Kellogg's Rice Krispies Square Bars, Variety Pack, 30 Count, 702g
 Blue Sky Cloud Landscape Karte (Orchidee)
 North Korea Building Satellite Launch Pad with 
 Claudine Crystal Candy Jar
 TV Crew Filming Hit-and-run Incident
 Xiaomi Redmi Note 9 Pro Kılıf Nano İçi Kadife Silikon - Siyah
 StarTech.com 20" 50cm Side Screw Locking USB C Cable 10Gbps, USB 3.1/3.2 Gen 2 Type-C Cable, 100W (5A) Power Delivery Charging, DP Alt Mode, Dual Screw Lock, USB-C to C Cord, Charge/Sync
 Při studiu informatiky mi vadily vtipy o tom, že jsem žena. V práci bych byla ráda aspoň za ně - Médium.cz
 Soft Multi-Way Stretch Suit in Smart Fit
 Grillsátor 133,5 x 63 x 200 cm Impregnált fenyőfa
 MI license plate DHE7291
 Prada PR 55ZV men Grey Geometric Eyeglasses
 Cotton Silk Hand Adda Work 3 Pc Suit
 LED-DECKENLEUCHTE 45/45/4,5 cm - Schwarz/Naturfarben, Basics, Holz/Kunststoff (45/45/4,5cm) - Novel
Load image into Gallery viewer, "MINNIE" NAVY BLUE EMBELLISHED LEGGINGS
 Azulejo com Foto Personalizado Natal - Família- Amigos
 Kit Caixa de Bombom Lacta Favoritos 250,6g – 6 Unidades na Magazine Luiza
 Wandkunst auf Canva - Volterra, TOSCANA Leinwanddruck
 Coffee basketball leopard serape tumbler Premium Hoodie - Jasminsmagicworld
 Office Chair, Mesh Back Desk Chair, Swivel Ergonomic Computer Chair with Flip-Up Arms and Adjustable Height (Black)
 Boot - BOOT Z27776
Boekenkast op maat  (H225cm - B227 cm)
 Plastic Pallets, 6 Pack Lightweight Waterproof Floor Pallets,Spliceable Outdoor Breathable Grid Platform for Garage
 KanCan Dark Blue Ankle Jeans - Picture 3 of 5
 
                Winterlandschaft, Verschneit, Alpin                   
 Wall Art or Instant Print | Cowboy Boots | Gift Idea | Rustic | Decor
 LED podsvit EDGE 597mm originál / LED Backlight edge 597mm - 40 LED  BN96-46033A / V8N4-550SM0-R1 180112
--------------------------------
→ PROBLEM
Above are the lines; repeat exactly the ones from the line containing "Cotton Silk Hand Adda Work 3 Pc Suit" down to the line containing "Winterlandschaft, Verschneit, Alpin", both inclusive.

→ RESULT FOR THIS EXERCISE
 Cotton Silk Hand Adda Work 3 Pc Suit
 LED-DECKENLEUCHTE 45/45/4,5 cm - Schwarz/Naturfarben, Basics, Holz/Kunststoff (45/45/4,5cm) - Novel
Load image into Gallery viewer, "MINNIE" NAVY BLUE EMBELLISHED LEGGINGS
 Azulejo com Foto Personalizado Natal - Família- Amigos
 Kit Caixa de Bombom Lacta Favoritos 250,6g – 6 Unidades na Magazine Luiza
 Wandkunst auf Canva - Volterra, TOSCANA Leinwanddruck
 Coffee basketball leopard serape tumbler Premium Hoodie - Jasminsmagicworld
 Office Chair, Mesh Back Desk Chair, Swivel Ergonomic Computer Chair with Flip-Up Arms and Adjustable Height (Black)
 Boot - BOOT Z27776
Boekenkast op maat  (H225cm - B227 cm)
 Plastic Pallets, 6 Pack Lightweight Waterproof Floor Pallets,Spliceable Outdoor Breathable Grid Platform for Garage
 KanCan Dark Blue Ankle Jeans - Picture 3 of 5
 
                Winterlandschaft, Verschneit, Alpin                   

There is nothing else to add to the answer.